● Task goal
The result should be an exact copy of only the lines from the one holding "[Hot Item] Windproof" through the last line of the data below, please, without pictures.

● Source material
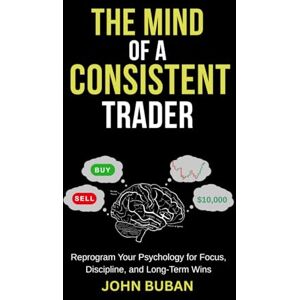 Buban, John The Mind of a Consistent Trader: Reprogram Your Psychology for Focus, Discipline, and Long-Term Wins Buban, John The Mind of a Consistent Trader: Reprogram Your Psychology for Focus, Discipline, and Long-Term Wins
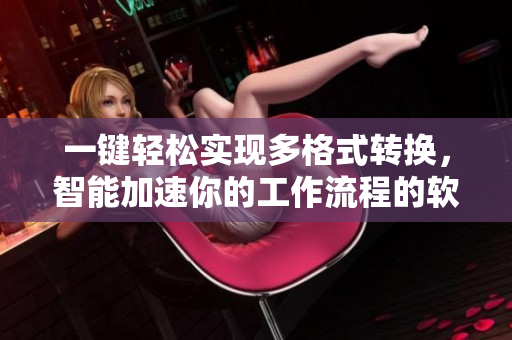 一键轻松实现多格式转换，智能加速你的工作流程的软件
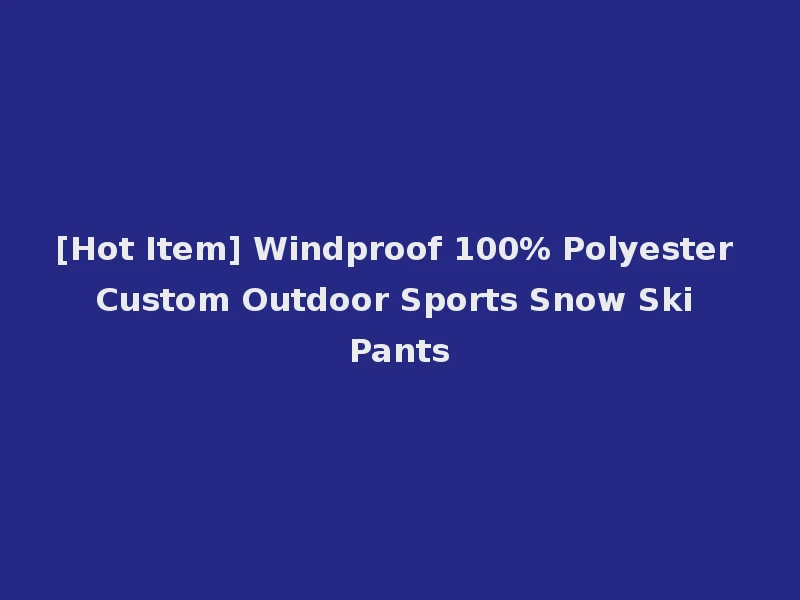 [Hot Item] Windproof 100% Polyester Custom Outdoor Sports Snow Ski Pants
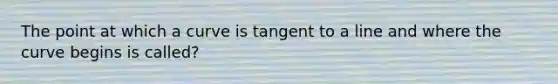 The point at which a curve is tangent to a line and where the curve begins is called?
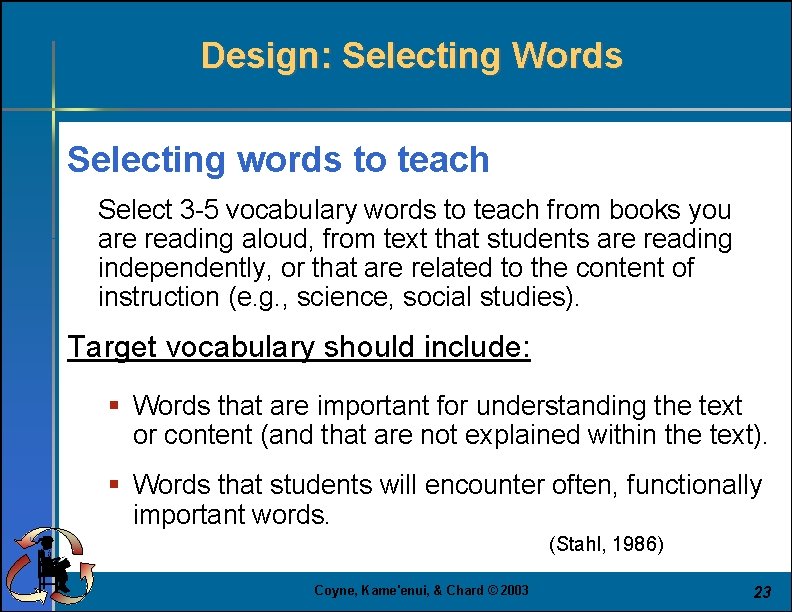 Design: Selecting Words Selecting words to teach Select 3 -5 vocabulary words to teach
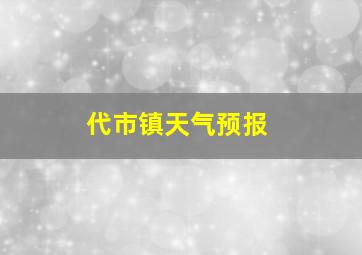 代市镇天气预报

● Answer space
 [Hot Item] Windproof 100% Polyester Custom Outdoor Sports Snow Ski Pants
 The point at which a curve is tangent to a line and where the curve begins is called?
 Design: Selecting Words Selecting words to teach Select 3 -5 vocabulary words to teach
 代市镇天气预报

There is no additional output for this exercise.